[[ Records provided open ]]

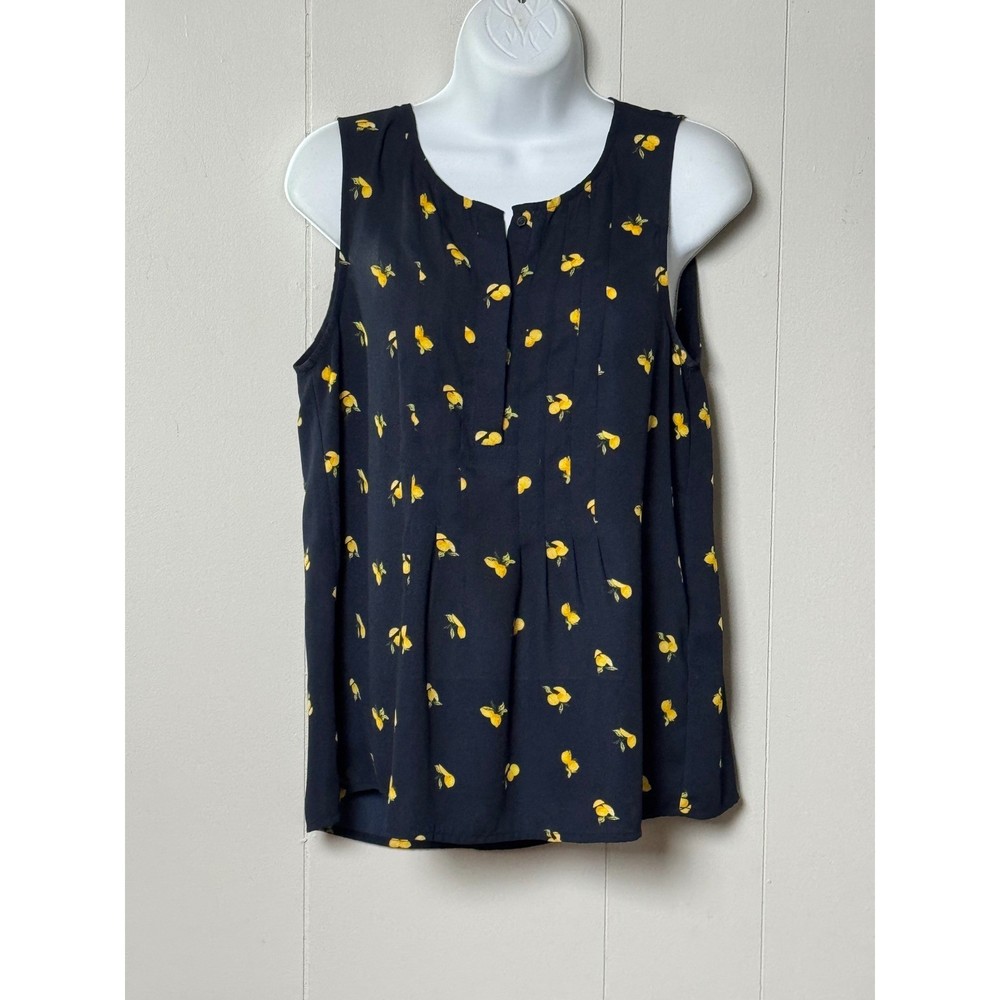 Banana Republic Women's Navy Blue Lemon Print Pleated Sleeveless Blouse Sz Small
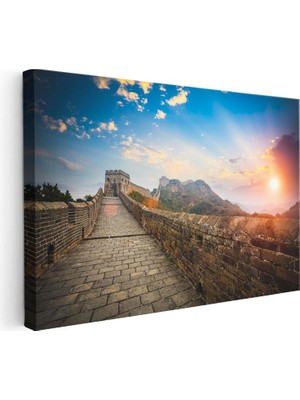 Tablofest Yatay Kanvas Tablo Çin Seddi Dağ Manzarası Şehir Mimari Tablo Ev Ofis Duvar Dekoru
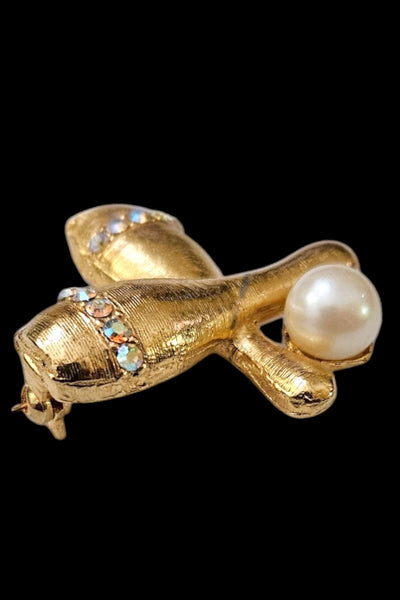1960s Gold Tone Bowling Pin Brooch | Rhinestone & Faux Pearl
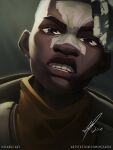  1boy absurdres arcane:_league_of_legends artist_name black_eyes dark-skinned_male dark_skin ekko_(league_of_legends) grey_hair highres hisaeki league_of_legends looking_at_viewer male_focus portrait short_hair signature solo teeth web_address 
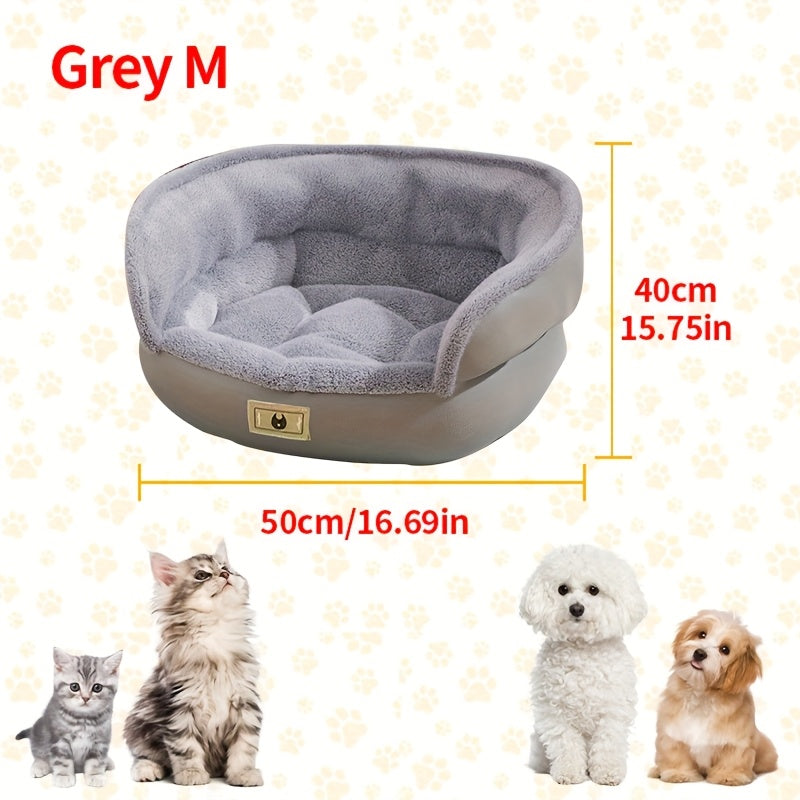 Cozy Plush Dog Bed With Plush Cushion - Soft Warm Bed For Small/medium Dogs, Durable Polyester, Machine Washable, Round Design With Heart Cutouts, Pet Bedding  Playful Dog Bed  Plush Polyester Bed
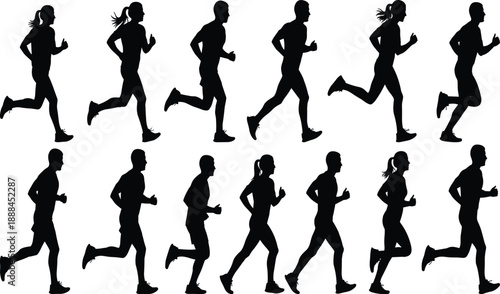 Silhouettes of male and female runners in motion, illustrating stride dynamics, athletic movement, and fitness activity in a minimalist black-and-white style.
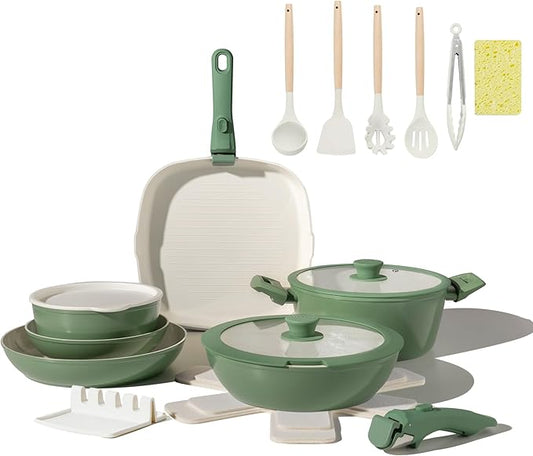 23pcs Ceramic Pots and Pans Set, Nonstick Detachable Handle Cookware, Induction Kitchen Cooking Set with Removable Handle,include Frying Pans & Saucepans Oven Safe(Green)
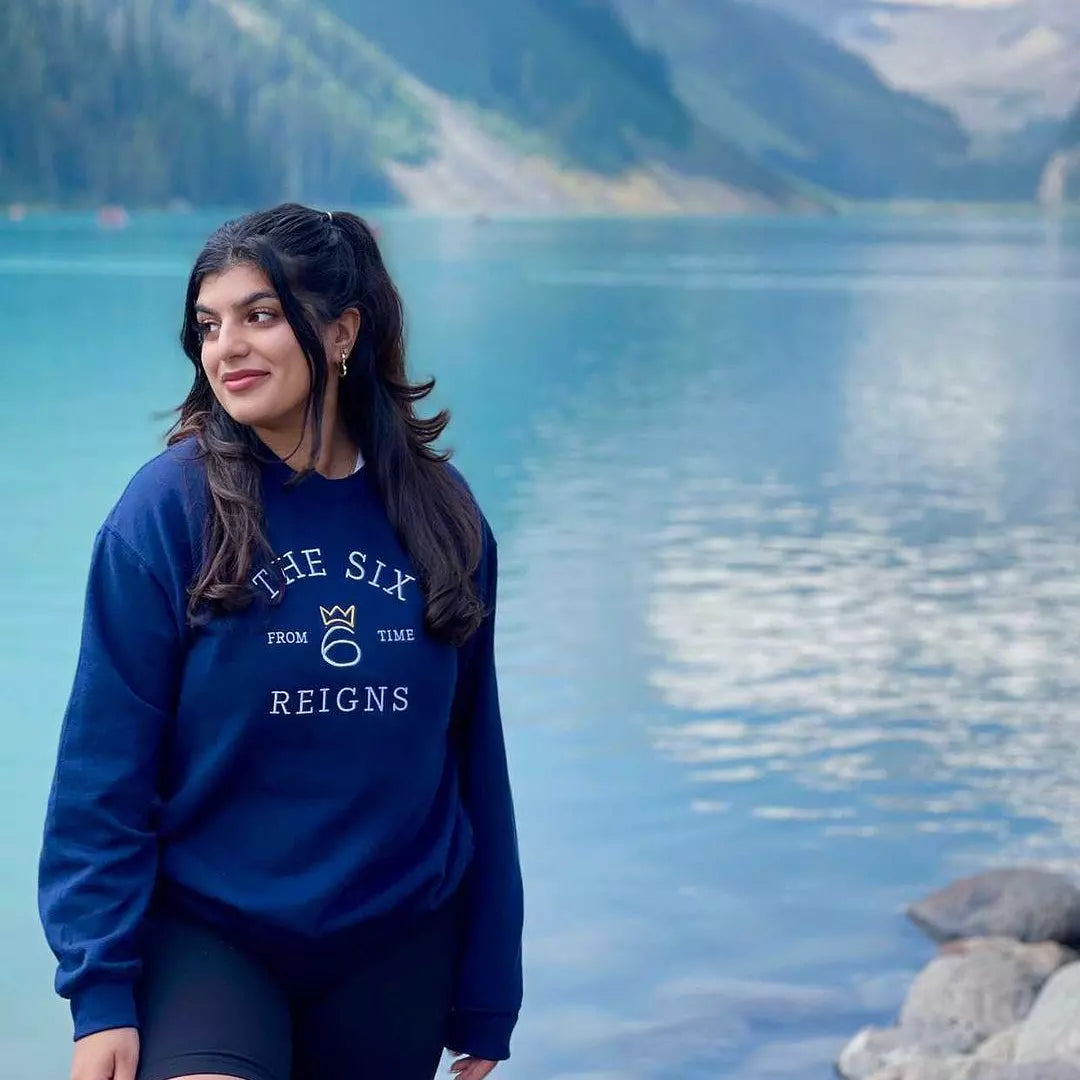 From Time Logo Embroidered Hoodie – White graphic on Royal Blue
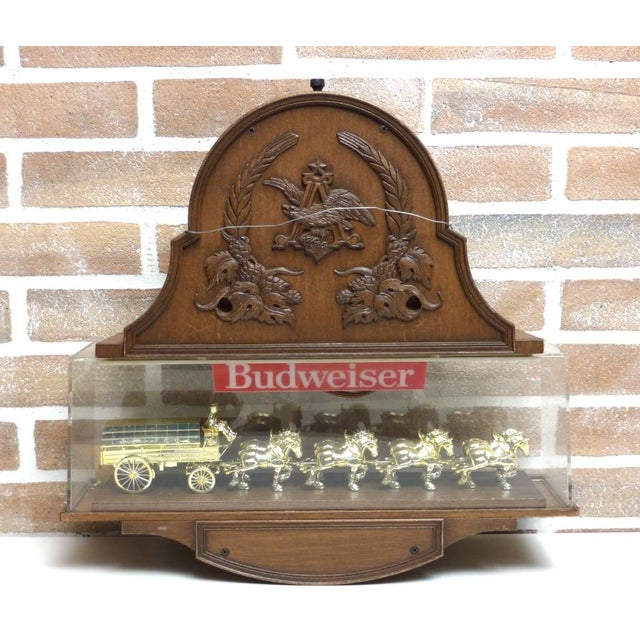 Original indoor signs made in usa budweiser horses: sign + clock -1970- - measures 45 x 40 this piece has an attribution...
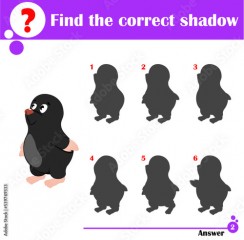 Educational game for children. Find the correct shadow. Cute mole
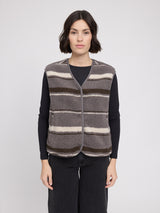 Printed Teddy-Fleece Vest warm grey/striped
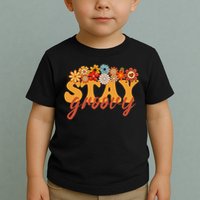 Stay Groovy Flower Power Retro Hippie Vibes Toddler T-Shirt
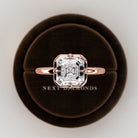 2 carat Elongated Cushion cut lab-grown diamond IGI certified, bezel engagement ring.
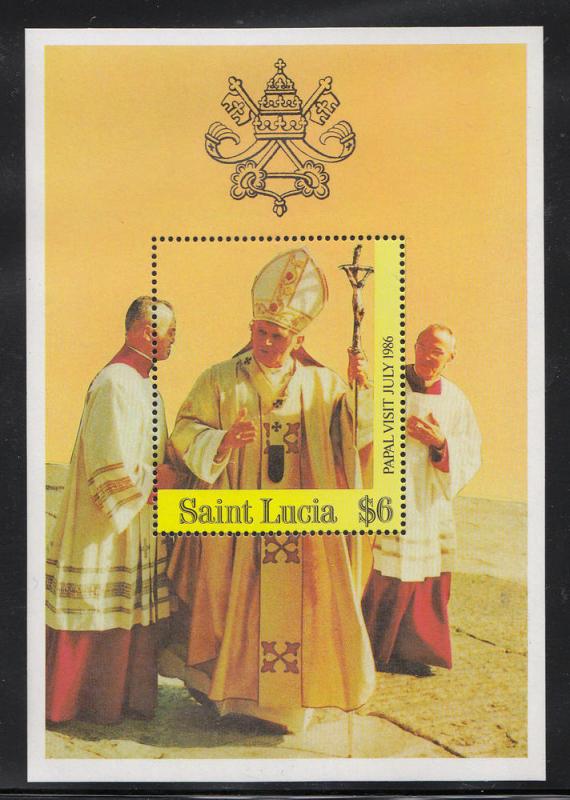 St Lucia Pope John Paul S/Sheet (Scott #838) MNH 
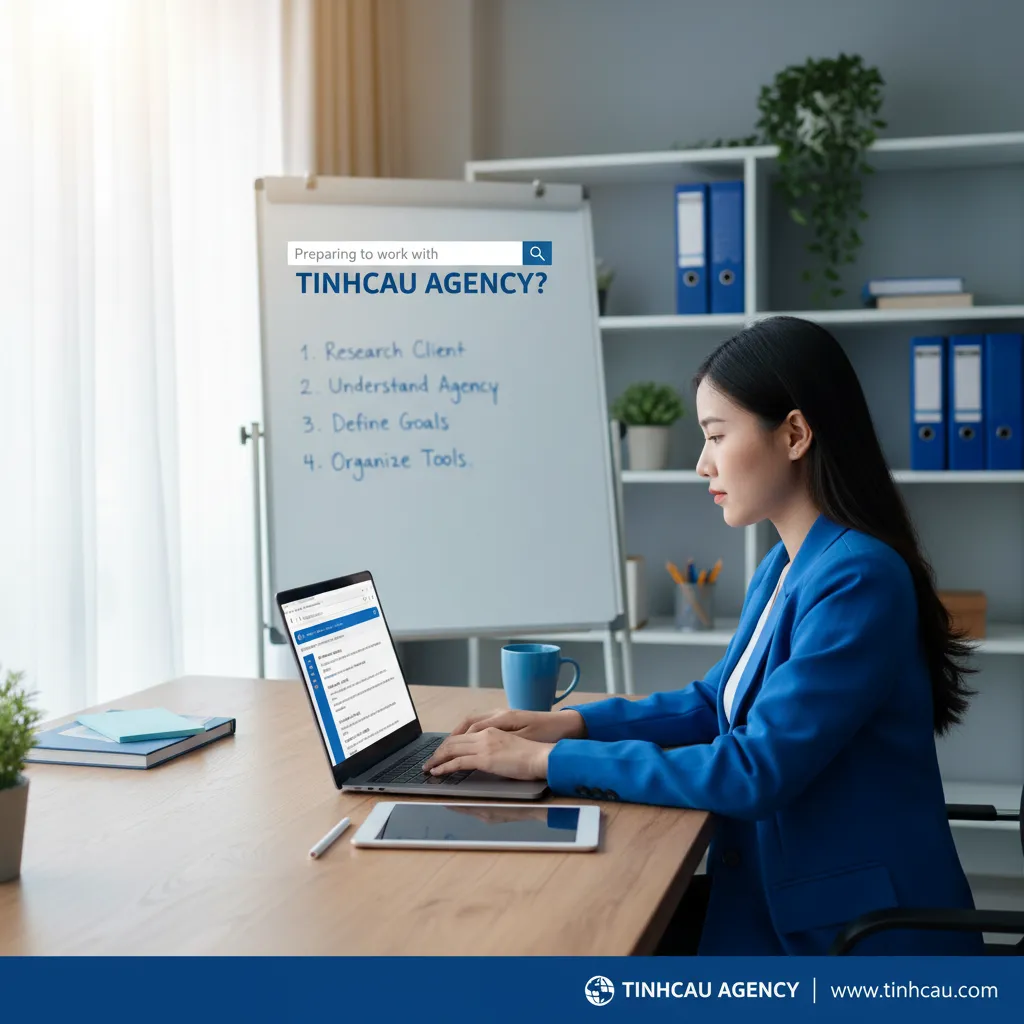 Cần chuẩn bị gì trước khi làm việc với Tinh Cầu Agency? 2 2. **Chuẩn bị làm việc** (Mô tả hành động và mục đích tìm kiếm)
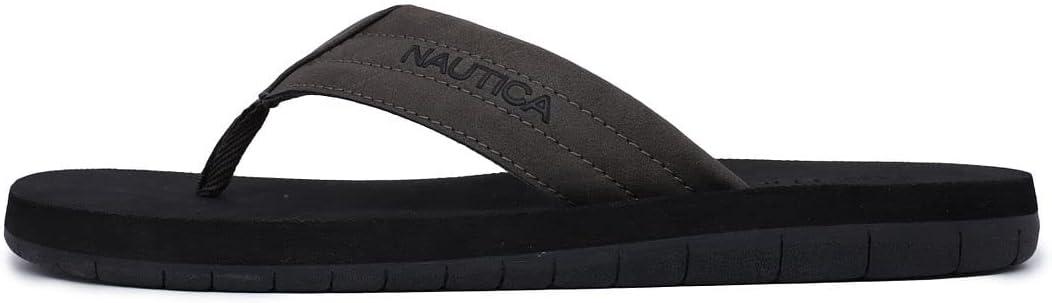 imageNautica Mens Flip Flop Shower Sandals Slides Comfortable Waterproof Beach Footwear SlipOn Thong MediumWide WidthTappedgrey
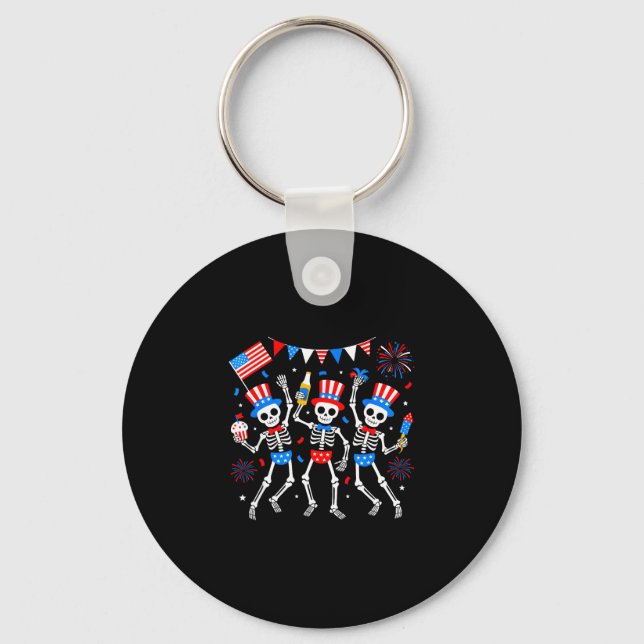 Dancing skeleton 4th of july merica usa american key ring (Front)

[[ Records provided closed ]]

* What the exercise asks
Of the lines above, quote exactly those from the one with "Educational game for" through the one with "Cần chuẩn bị", ends included; pictures stay out.

* Answer
 Educational game for children. Find the correct shadow. Cute mole
 Printed Teddy-Fleece Vest warm grey/striped
 Stay Groovy Flower Power Retro Hippie Vibes Toddler T-Shirt
 2 carat Elongated Cushion cut lab-grown diamond IGI certified, bezel engagement ring.
 St Lucia Pope John Paul S/Sheet (Scott #838) MNH 
 Cần chuẩn bị gì trước khi làm việc với Tinh Cầu Agency? 2 2. **Chuẩn bị làm việc** (Mô tả hành động và mục đích tìm kiếm)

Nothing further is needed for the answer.